After a while, I climbed the stairs and sat down on the floor outside in the top deck as the AC left a lot to be desired. Besides, I didn’t want to miss out on excellent views of the ocean and the islets rolling past.
At 11:35 am, we were approaching Don Sak. I loved the sight of these jungle-swathed limestone cliffs that pierce the sky like skyscrapers
Before long, cars were offloaded and people walked behind. The guys waiting at the pier spotted the sticker on my tee, told me which minivan to get on, collected the tickets and left within a few minutes.
Riding the minibus to Panthip’s office in Suratthani
Peeping out the window, I marveled at the sight of coconut palms and perfectly aligned rubber trees. Stretching away over millions of acres of exotic deep green woodland, the verdant color was pleasing to the eye.
It was a bumpy 1h-10-minute-ride to Panthip’s office in Suratthani that I enjoyed despite the not so comfy seats. The AC worked well after initial difficulties, and the views of towering karst peaks and glittering temples were wonderful sights.
Killing time in Suratthani
“Your bus is scheduled for 2 pm,” said a friendly Panthip hostess, smiling winningly. This meant I’d have to wait for an hour, which was enough time to get some proper lunch. The problem: most restaurants were closed, and there weren’t many.
I found a street vendor behind the old bus station that’s right behind Panthip’s office and got myself some scrumptious chicken fried rice with vegetables and a kai dao (a sunny-side up egg) for 40 baht ($1.33).
Enjoying the final leg of the journey
The minibus left on time. There were honking sounds, lots of traffic, exhaust fumes.
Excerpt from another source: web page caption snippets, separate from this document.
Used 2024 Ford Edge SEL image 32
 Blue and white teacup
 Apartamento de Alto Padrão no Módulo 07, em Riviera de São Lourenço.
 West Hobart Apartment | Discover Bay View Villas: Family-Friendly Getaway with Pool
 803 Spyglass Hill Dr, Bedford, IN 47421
The AC worked well, but I perceived that it had to fight hard against the heat in the packed minivan.
The seats were comfy now, but the bus was crammed full and some luggage was stowed between people’s legs.
Once we got out of Suratthani, I relaxed and enjoyed more views of palm and rubber tree forests. Skinny buffalos were grazing on vast plains as brown as the rivers nearby; they indicated that nature was all around me.
At 4:40 pm, the driver stopped for 20 minutes so people could relieve themselves and get some drinks and food.
Approaching Phang-Nga (not to be mixed up with Phangan!), limestone cliffs appeared in the famed Phang-Nga Bay – a sight for sore eyes.
At 5:25 pm, the driver stopped again, but only for a short time to let some peeps get on and off the minivan at Phang-Nga Bus Terminal.
As we got closer to Phuket, moms were holding their babies in their hands while their partners were riding the bike. Meanwhile, the driver delayed the journey slightly by his package delivery service along the way, which is quite common on bus trips in Thailand.
I assumed we’d arrive late as the scheduled arrival time was 6:30 pm, which was in 20 minutes, and we hadn’t even crossed the Sarasin Bridge that links Phuket to the mainland.
Just as I was jotting down some notes, Wat Na Klang, a jewel- or mosaique-encrusted temple caught my eye and derailed my train of thought.
A while later, we crossed the Sarasin Bridge, and some more people got off the bus near the red-faced warrior on the way to Phuket town, a shrine that features the God of Justice.
Only moments later, the driver opened the door, let me get off on the main street in front of Phuket’s bus terminal 2, confirming the first, well-organized impression I’d got of Panthip Travel.
Quick and easy, I thought to myself, and was surprised I’d arrived only minutes after 6:30 pm, despite the package delivery service.